**What you need to do:** Retype each line of the material exactly, please, skipping any picture in it.

**Provided material:**
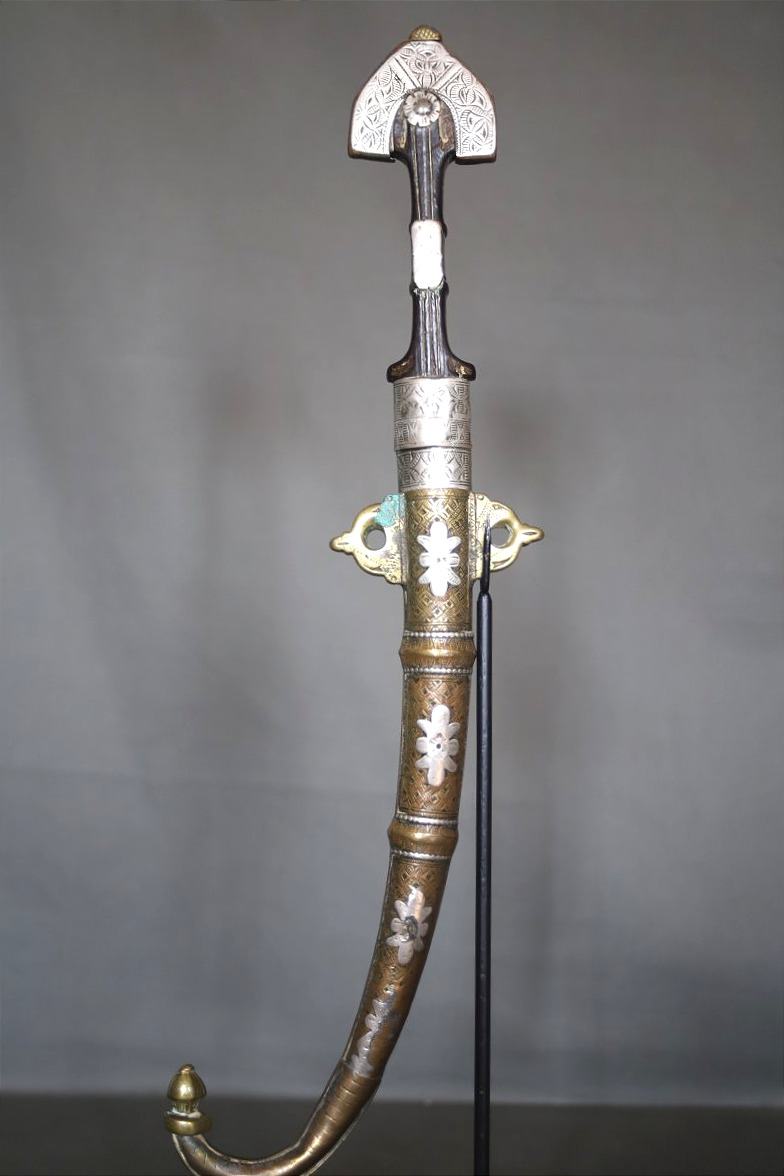 Dague Marocaine Dite Koumya - Maroc, tribu des Mesfioua, 19ème siècle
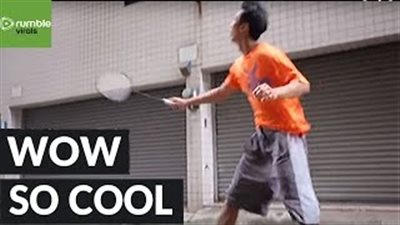 بالفيديو.. شاب يتحدى الرياح في كرة الريشة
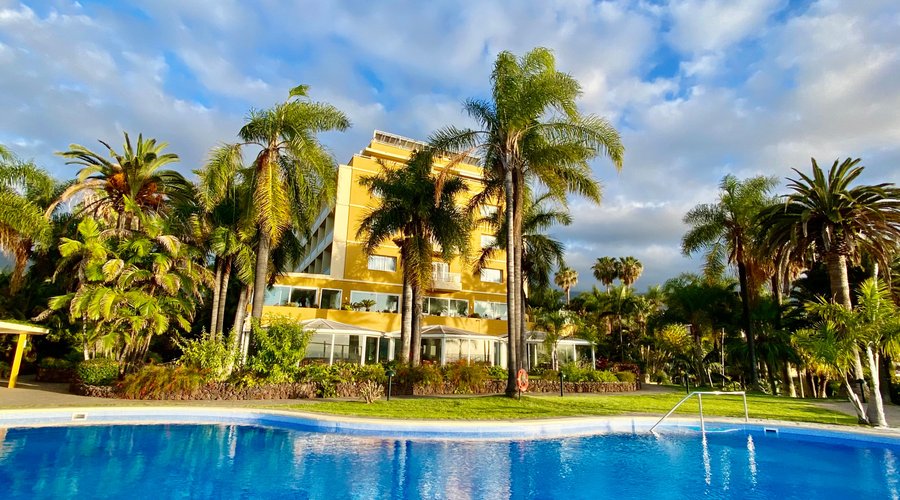 Hotel visto desde la piscina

**Task result:**
 Dague Marocaine Dite Koumya - Maroc, tribu des Mesfioua, 19ème siècle
 بالفيديو.. شاب يتحدى الرياح في كرة الريشة
 Hotel visto desde la piscina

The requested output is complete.